#美联储是否加息? #token2049 #带你看看币安Launchpad #解析cyber #fdusd
There are many exchanges that include contract sections, including coin-based and U-based. Many people are not sure which one is better. In fact, there is no good or bad, only whether it is suitable or not.
"Currency standard" refers to the corresponding underlying products used for position opening and final delivery. For example, if you want to go long or short BTC, you need to deposit BTC into the contract account, and the final loss or profit will also be settled in BTC.
Coin-based contracts refer to contracts made with currencies other than USDT, with currencies used as margin. Taking Bitcoin as an example, coin-based contracts are contracts that use Bitcoin to earn Bitcoin. The profit and loss settlement during the transaction process are all settled in Bitcoin, and the specific profit needs to be calculated based on the rise and fall of the value of the currency itself.
Or you can understand it this way: the corresponding underlying products are used for opening positions and final delivery. For example, if you want to go long or short BTC, you need to deposit BTC into the contract account, and the final loss or profit will also be settled in BTC.

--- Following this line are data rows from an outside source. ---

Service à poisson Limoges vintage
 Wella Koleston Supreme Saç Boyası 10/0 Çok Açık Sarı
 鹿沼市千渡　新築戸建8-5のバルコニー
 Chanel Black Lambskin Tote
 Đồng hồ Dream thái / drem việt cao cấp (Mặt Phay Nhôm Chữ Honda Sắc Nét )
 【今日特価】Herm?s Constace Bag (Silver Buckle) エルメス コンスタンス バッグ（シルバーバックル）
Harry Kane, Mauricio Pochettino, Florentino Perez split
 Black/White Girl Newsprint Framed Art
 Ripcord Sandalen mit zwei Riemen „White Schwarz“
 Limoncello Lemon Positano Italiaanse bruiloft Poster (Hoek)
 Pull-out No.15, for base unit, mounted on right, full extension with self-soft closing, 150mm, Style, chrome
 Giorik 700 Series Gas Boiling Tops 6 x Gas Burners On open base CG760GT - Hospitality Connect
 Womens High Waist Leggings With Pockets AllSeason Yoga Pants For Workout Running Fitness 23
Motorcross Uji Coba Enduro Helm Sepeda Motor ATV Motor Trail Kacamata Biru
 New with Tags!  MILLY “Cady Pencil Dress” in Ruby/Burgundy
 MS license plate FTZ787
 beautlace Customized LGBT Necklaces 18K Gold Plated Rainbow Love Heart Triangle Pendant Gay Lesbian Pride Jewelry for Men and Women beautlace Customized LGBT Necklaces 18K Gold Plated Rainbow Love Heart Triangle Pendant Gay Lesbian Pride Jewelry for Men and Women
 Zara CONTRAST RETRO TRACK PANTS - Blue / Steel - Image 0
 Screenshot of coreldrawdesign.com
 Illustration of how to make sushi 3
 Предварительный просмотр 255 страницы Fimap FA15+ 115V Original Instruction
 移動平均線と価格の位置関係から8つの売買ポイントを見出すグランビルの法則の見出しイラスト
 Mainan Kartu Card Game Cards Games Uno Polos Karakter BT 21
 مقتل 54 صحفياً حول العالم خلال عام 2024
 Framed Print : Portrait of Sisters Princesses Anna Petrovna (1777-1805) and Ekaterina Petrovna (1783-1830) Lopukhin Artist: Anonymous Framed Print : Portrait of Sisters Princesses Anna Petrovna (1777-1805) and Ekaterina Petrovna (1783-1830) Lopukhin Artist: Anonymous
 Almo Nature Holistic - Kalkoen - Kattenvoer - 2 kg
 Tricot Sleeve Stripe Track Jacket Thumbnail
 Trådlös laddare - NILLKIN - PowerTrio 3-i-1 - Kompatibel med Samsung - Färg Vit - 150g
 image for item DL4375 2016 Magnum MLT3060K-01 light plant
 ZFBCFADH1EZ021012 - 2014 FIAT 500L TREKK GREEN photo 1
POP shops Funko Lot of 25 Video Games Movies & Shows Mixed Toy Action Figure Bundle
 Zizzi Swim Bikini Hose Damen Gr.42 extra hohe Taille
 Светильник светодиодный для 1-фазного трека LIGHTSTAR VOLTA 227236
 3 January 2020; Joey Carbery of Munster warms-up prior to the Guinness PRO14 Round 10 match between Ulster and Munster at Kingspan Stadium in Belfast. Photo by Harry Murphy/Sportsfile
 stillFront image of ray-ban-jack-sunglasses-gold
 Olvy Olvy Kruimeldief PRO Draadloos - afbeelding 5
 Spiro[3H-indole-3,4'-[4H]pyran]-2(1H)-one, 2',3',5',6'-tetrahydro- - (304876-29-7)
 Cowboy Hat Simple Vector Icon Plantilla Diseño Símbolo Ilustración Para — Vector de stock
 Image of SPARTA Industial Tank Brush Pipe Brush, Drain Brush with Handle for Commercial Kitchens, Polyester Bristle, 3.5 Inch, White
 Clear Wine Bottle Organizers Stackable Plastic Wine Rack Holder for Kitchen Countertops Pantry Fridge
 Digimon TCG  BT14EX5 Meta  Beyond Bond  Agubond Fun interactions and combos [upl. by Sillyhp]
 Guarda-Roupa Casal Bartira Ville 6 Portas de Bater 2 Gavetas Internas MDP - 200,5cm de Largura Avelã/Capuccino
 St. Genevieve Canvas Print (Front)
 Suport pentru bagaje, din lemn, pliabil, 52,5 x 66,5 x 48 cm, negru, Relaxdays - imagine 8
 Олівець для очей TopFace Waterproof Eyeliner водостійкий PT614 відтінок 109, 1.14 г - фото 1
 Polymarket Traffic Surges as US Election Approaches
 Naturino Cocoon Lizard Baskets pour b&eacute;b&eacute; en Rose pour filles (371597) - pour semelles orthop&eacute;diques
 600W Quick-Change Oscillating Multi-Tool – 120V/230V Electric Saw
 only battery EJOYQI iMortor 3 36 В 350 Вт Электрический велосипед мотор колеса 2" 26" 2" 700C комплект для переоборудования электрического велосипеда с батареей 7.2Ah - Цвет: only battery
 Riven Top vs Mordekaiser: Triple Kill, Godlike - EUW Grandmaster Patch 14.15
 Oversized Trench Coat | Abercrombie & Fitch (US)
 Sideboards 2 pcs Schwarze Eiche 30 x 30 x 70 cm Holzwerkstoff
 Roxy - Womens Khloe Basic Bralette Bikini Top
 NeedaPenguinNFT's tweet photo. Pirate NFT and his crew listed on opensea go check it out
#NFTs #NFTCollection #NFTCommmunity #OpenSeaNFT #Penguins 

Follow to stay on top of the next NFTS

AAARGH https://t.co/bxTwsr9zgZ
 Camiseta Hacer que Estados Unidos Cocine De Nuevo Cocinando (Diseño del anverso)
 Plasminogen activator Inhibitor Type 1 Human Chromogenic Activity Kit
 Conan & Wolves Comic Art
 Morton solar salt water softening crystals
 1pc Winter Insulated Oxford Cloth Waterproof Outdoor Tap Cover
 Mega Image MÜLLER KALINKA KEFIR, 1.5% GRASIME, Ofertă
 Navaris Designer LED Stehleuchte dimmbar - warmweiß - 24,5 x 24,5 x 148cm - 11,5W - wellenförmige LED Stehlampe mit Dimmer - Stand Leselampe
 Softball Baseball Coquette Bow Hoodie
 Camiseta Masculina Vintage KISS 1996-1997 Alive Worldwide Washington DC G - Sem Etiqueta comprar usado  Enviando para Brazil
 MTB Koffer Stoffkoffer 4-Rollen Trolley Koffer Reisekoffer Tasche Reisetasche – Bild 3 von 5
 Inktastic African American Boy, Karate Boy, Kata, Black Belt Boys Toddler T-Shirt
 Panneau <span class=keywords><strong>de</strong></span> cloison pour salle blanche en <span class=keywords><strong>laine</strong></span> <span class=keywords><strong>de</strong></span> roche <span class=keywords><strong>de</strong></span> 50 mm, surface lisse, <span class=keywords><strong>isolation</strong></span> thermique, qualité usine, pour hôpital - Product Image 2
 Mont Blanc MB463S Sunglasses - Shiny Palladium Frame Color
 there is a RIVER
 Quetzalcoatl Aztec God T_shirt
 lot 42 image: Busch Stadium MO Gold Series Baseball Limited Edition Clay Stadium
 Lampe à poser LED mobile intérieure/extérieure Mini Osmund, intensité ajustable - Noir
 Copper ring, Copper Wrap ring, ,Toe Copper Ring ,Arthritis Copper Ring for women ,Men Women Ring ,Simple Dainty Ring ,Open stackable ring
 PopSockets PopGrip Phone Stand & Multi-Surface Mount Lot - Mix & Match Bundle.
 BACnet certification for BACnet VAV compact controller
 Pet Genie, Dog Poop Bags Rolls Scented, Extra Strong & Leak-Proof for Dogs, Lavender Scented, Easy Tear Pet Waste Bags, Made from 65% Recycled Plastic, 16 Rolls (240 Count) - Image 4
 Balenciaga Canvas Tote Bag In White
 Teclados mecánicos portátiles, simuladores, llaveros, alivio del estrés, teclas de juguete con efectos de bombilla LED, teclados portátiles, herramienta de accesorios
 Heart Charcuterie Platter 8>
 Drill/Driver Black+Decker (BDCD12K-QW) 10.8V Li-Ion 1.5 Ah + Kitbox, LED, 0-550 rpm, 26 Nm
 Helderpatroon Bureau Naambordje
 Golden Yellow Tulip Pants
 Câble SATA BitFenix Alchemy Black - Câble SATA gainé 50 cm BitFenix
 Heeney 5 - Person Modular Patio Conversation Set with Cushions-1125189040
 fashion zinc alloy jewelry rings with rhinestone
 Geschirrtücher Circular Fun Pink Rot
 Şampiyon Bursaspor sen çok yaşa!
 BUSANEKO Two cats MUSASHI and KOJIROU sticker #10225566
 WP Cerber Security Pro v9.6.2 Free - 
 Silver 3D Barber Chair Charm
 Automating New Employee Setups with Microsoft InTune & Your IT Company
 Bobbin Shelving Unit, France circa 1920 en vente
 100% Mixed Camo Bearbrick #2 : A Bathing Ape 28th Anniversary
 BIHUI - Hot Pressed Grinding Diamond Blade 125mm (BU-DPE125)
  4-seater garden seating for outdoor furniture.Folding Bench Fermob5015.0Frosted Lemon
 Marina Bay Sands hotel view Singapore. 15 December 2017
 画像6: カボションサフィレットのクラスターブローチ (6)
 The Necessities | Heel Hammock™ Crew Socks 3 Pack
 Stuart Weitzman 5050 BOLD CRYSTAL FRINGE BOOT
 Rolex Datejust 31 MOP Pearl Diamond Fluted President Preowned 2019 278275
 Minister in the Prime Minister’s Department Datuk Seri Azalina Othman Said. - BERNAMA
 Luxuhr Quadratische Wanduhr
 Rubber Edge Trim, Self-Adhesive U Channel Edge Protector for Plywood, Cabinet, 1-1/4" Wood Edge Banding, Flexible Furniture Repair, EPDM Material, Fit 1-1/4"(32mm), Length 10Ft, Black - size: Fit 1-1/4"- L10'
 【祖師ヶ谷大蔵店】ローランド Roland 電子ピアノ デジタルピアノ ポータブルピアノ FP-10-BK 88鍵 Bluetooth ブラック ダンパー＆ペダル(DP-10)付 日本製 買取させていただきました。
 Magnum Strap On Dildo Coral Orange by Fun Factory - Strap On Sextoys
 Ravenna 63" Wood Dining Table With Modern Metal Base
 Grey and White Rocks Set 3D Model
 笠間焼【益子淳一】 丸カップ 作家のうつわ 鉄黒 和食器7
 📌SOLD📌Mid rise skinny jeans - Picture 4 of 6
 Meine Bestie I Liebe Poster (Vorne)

The U standard uses USDT as margin, and the profits and losses of the contracts are settled in USDT.
Or understand it this way, "U standard" means that USDT is used as the circulation certificate for opening positions and final delivery. No matter whether you are long or short BTC or ETH and other currencies, you need to deposit USDT into the contract account, and the final loss or profit will be settled in USDT.
So how do you choose currency standard or U standard?
I think: when going long, it is more beneficial to choose the currency standard. When going short, you should choose the U standard.
When the market is bullish, choose to go long on the coin basis. The coins pledged in the contract and the coins earned are rising, and the value of the coins themselves is also rising. Therefore, coin-based contracts are suitable for use in a bull market, while in a bear market, due to the depreciation of the coins, hedging or even losses may occur. When the market is bearish, choose to go short on the U basis. Although the player's coins will depreciate to a certain extent, since USDT is a relatively stable coin, the U earned will not depreciate. Whether the player's coins themselves depreciate has little effect on profits and losses. Therefore, using the U-based contract in a bear market will bring more profits. For players who cannot distinguish between bear and bull markets, the U-based contract is a safer choice.
The same is true for friends who choose leverage. Using U or coins as collateral is the same as the above situation. When bullish, you can use coins as collateral, because the rise is not only profitable because you choose the right direction, but also because the collateral coins bring profits because of the rise. This is the operation method of maximizing benefits.
Similarly, using U as collateral is a safer choice. Whether you choose right or wrong, it will not affect the actual value of your collateral U.
Let’s talk about the difference between full position and position by position.
In the full-position mode, all available balances in your leverage or contract account will be used as margin for your position. Full-position margin, also known as "cross-period margin", means using all available balances to avoid forced liquidation. Any other positions that have realized profits can help increase margin on losing positions. In the full-position mode, traders have a lower risk of forced liquidation of their positions.
In isolated position mode, the margin locked when the initial order is placed is the maximum loss of this position. When a position is forced to close, none of your available balance will be used to increase the margin of this position. By isolating the margin used for a position, you can limit the loss of this position to the initial margin amount, which will help you when your short-term speculative trading strategy fails.
In the full-position mode, the user's position margin will change with price changes. In the position-by-position mode, the margin required when opening a position will remain fixed. In general, the full-position mode is suitable for hedging traders, while the position-by-position mode is suitable for short-term investors to better implement risk control strategies.